● PROBLEM TO SOLVE:
Go to the line containing "Angebaut, klappbar, pneumatisch: Lemken" below; retype it and all following lines exactly, and leave out the pictures.

● EXERCISE DATA:
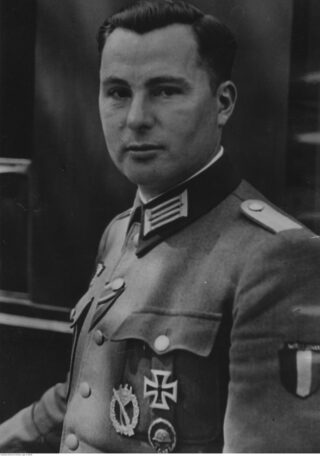 Léon Degrelle in uniform, tijdens de oorlog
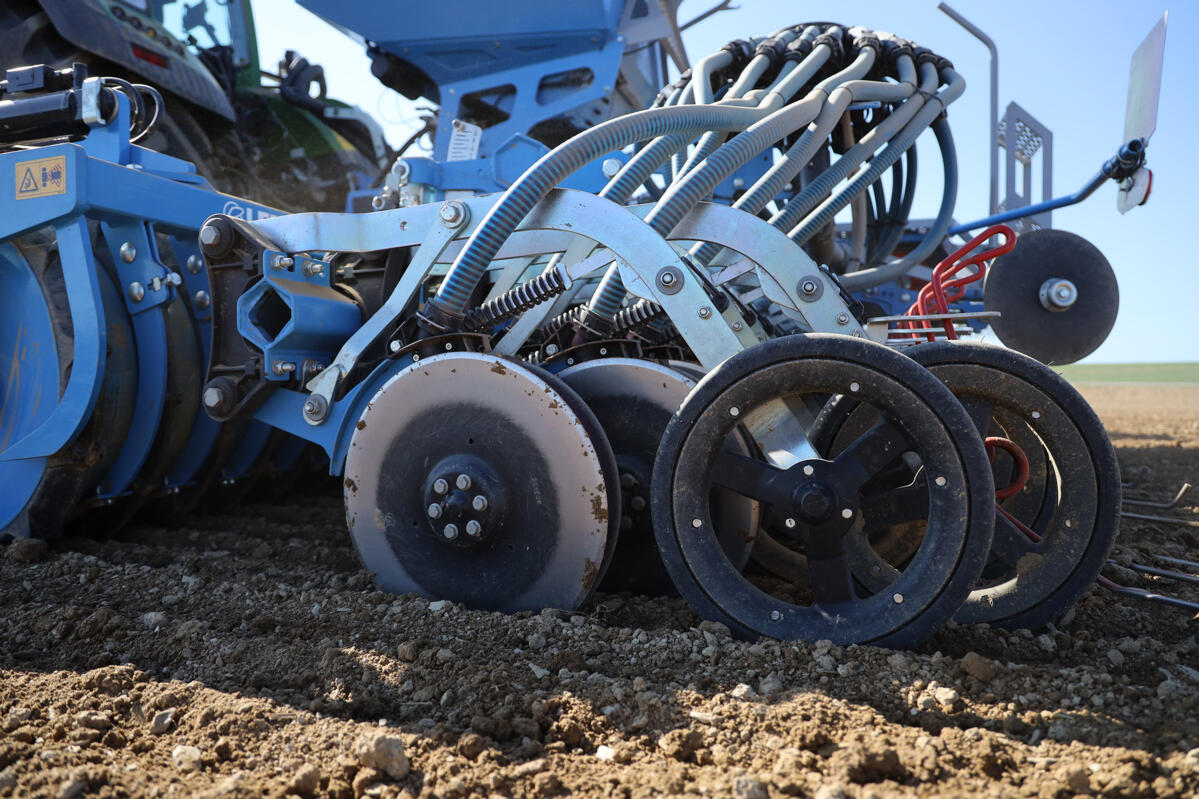 Angebaut, klappbar, pneumatisch: Lemken Solitair MF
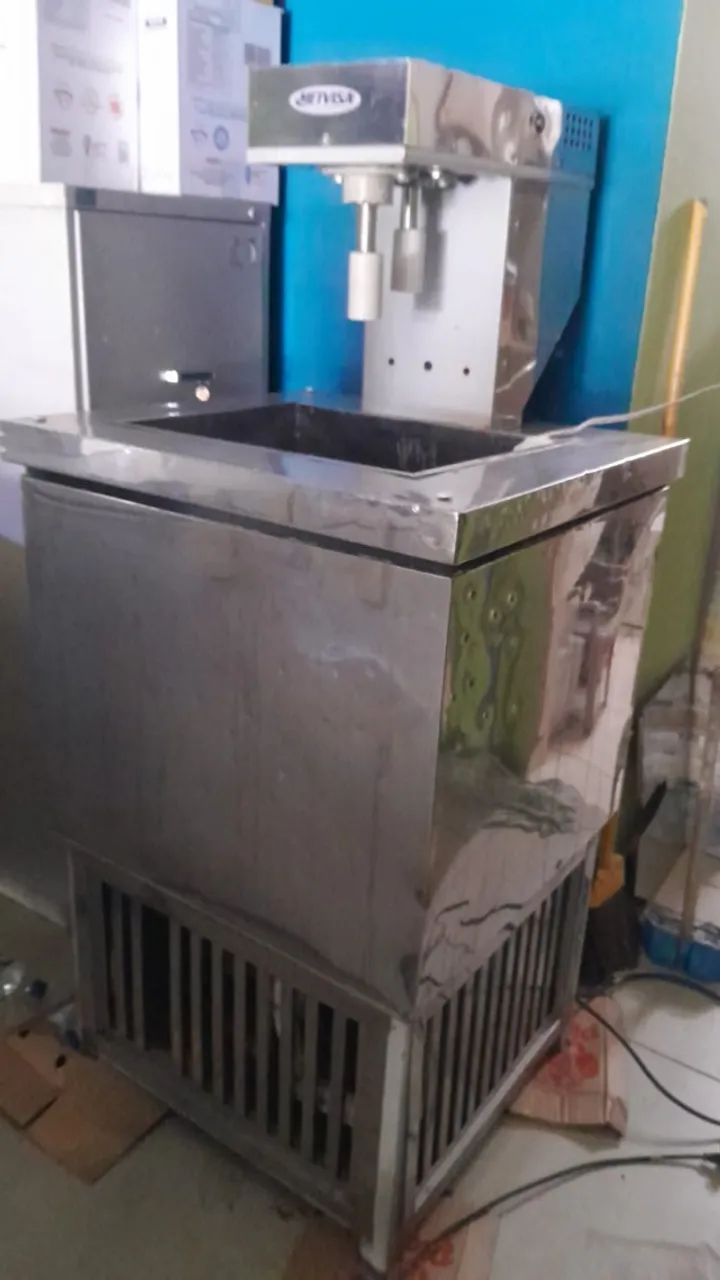 Vendo máquina industrial sorvetes e picoles 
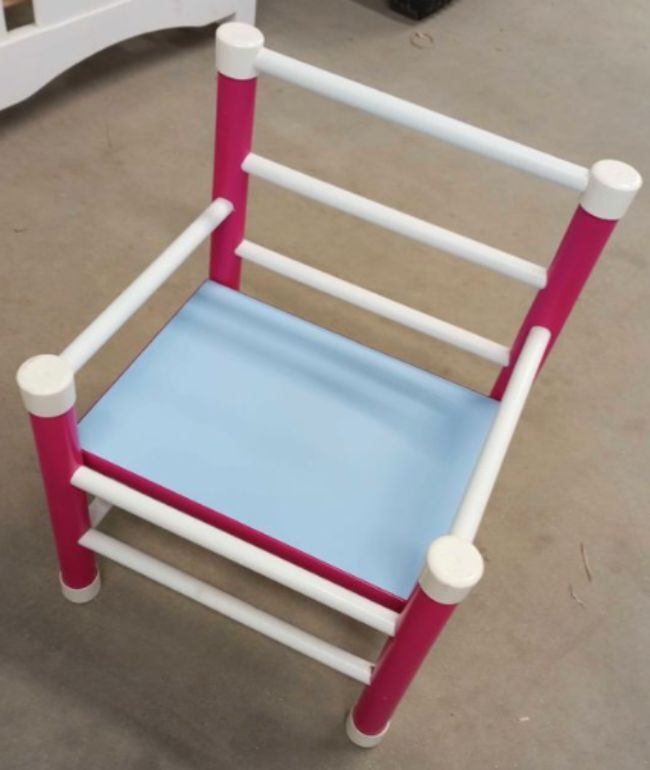 Petites chaises avec accoudoirs mathou -  - Divers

● THE COMPLETED TASK:
 Angebaut, klappbar, pneumatisch: Lemken Solitair MF
 Vendo máquina industrial sorvetes e picoles 
 Petites chaises avec accoudoirs mathou -  - Divers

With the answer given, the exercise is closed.